§ Your objective
Omit the pictures and return exactly the stretch of the material below from the line with "types of baths." through the line with "World War I cartridge".

==========

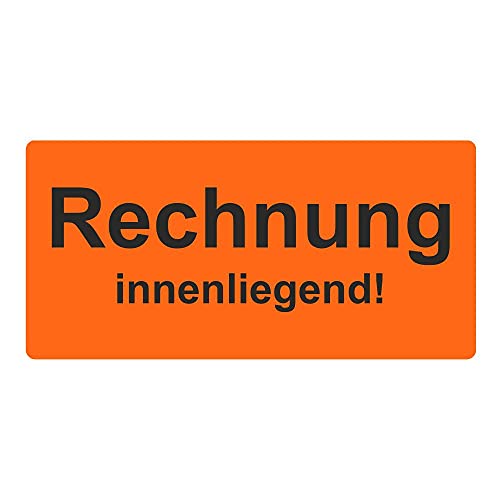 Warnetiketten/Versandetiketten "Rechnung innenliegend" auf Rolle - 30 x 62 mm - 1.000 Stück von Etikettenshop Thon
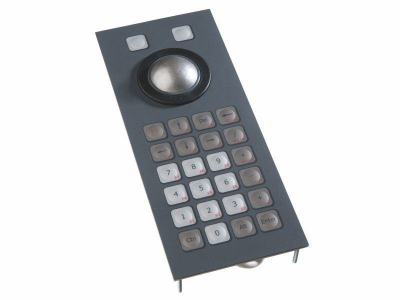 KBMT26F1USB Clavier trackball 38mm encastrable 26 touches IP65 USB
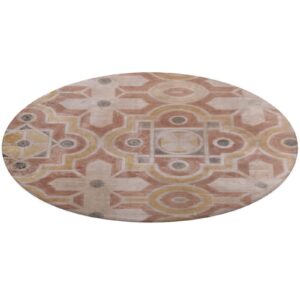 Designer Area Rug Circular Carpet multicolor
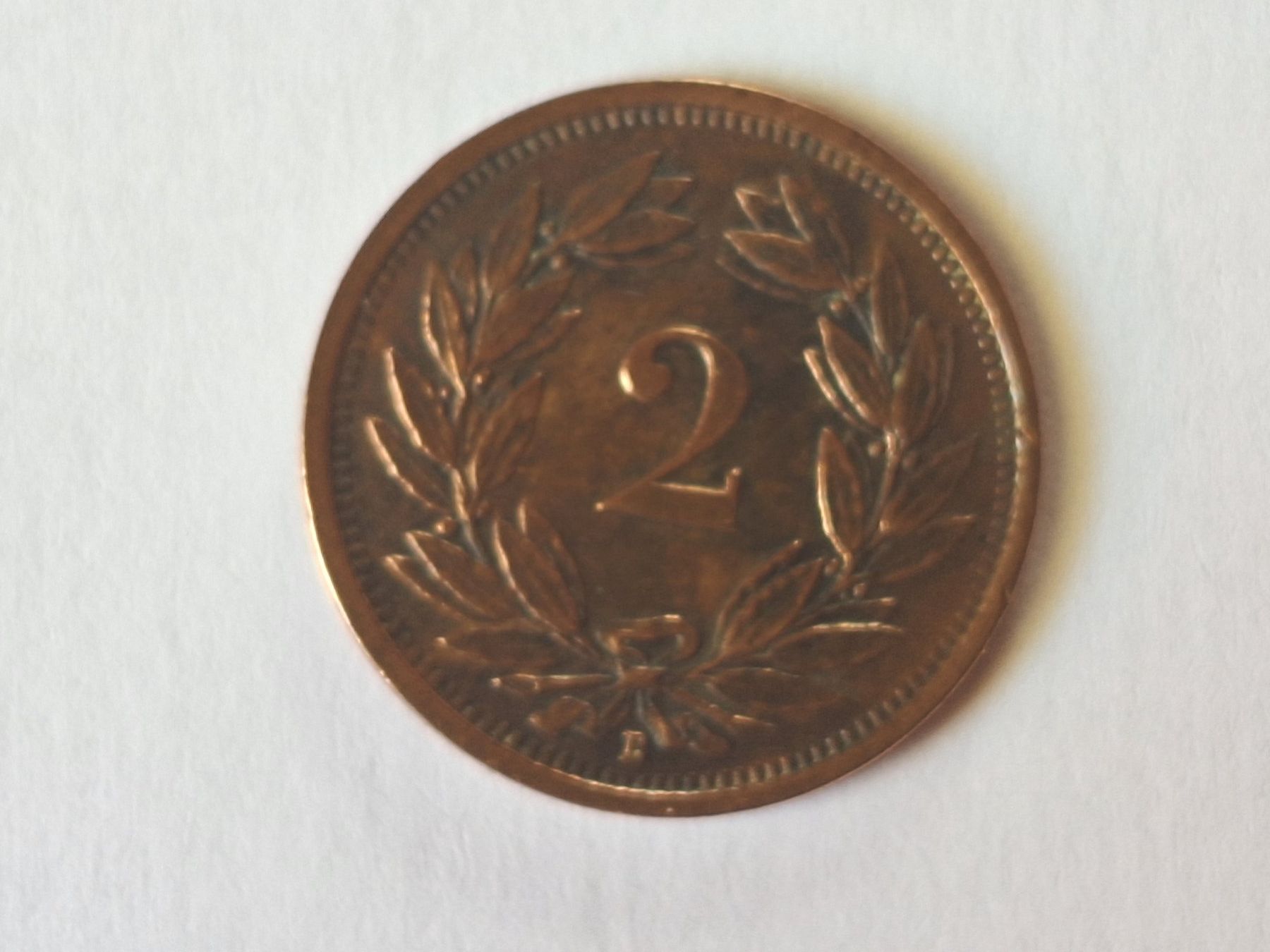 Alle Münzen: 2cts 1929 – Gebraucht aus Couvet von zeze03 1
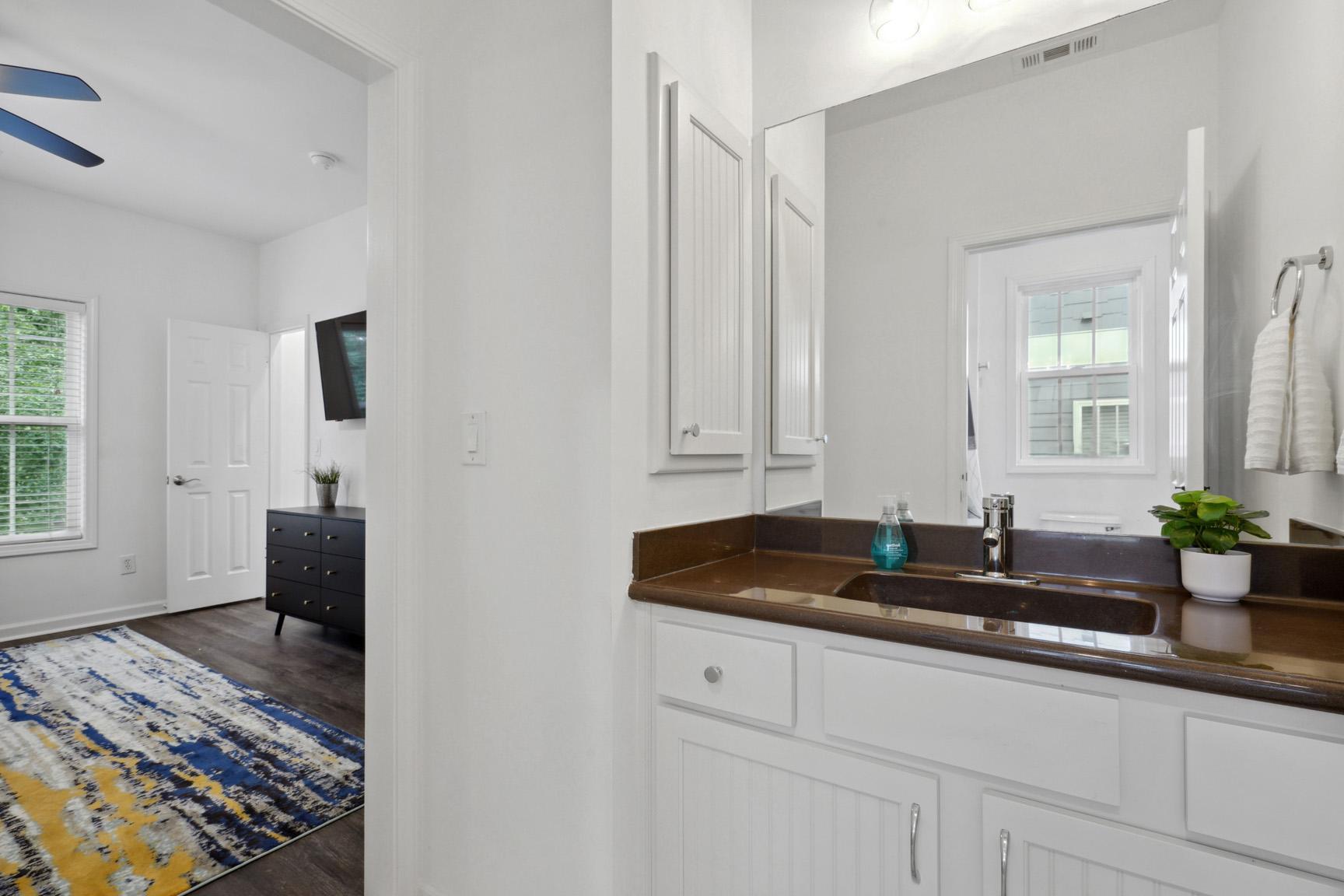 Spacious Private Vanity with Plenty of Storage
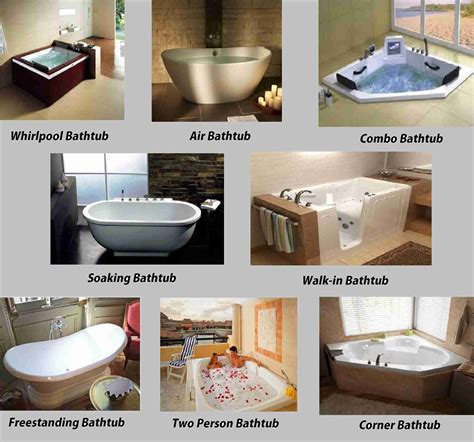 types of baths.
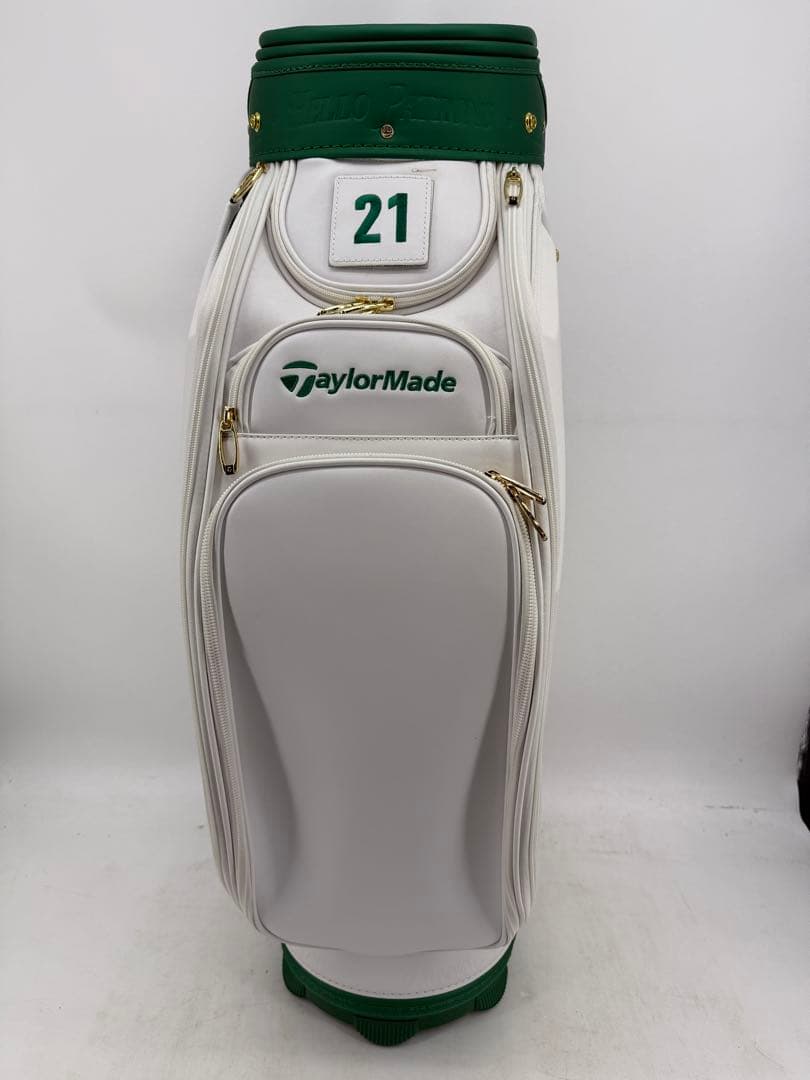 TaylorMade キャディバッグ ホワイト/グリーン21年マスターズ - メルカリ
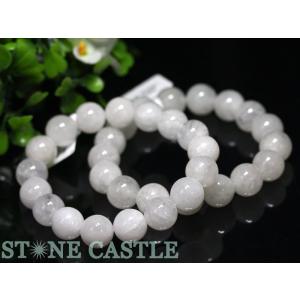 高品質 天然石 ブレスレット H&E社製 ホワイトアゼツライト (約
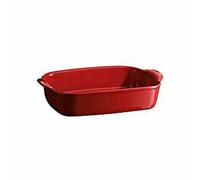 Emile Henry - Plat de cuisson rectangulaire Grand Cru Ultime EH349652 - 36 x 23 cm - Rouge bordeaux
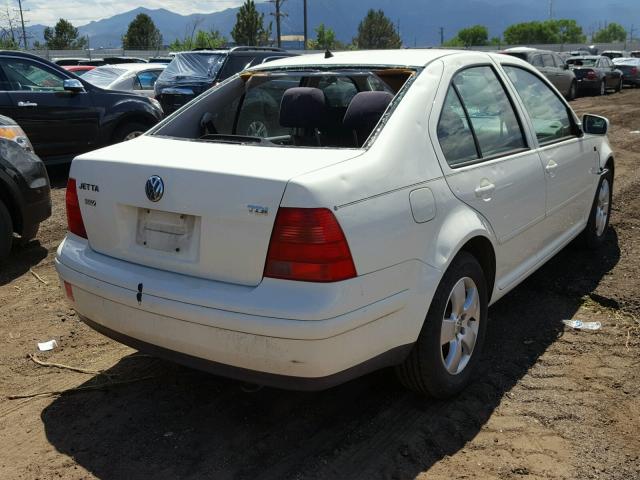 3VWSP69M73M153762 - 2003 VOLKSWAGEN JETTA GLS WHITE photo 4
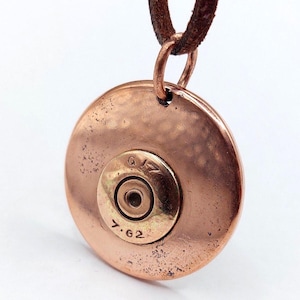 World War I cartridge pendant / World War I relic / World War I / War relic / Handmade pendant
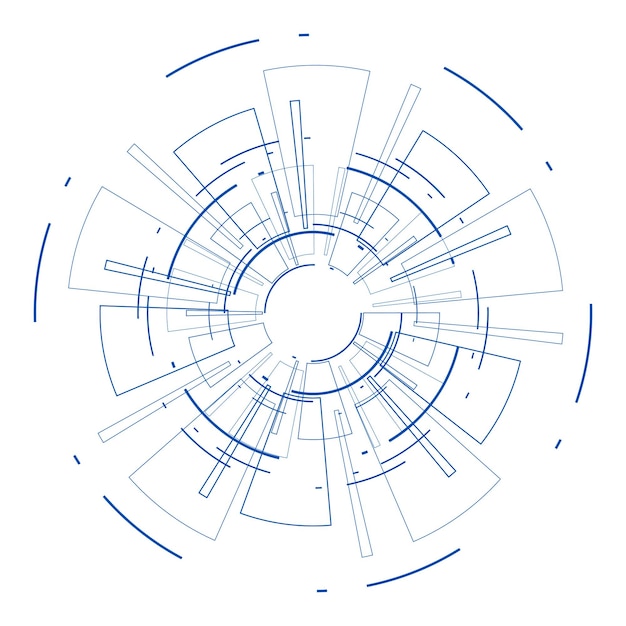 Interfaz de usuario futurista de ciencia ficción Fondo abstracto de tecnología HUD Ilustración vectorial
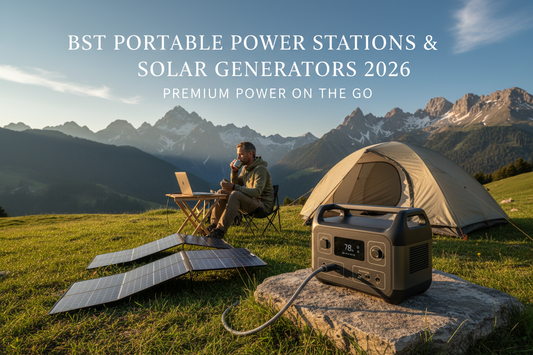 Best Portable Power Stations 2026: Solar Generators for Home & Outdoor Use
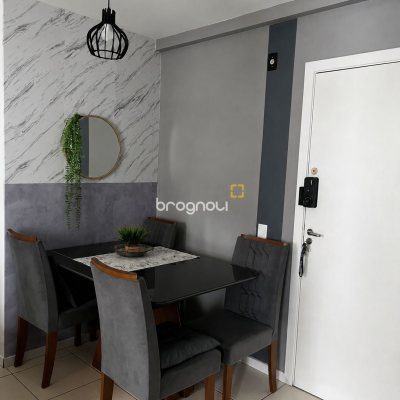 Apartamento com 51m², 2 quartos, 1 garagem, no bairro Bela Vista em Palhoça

==========

§ Answer to this problem
 types of baths.
 TaylorMade キャディバッグ ホワイト/グリーン21年マスターズ - メルカリ
 高品質 天然石 ブレスレット H&E社製 ホワイトアゼツライト (約
 Emile Henry - Plat de cuisson rectangulaire Grand Cru Ultime EH349652 - 36 x 23 cm - Rouge bordeaux
 3VWSP69M73M153762 - 2003 VOLKSWAGEN JETTA GLS WHITE photo 4
 World War I cartridge pendant / World War I relic / World War I / War relic / Handmade pendant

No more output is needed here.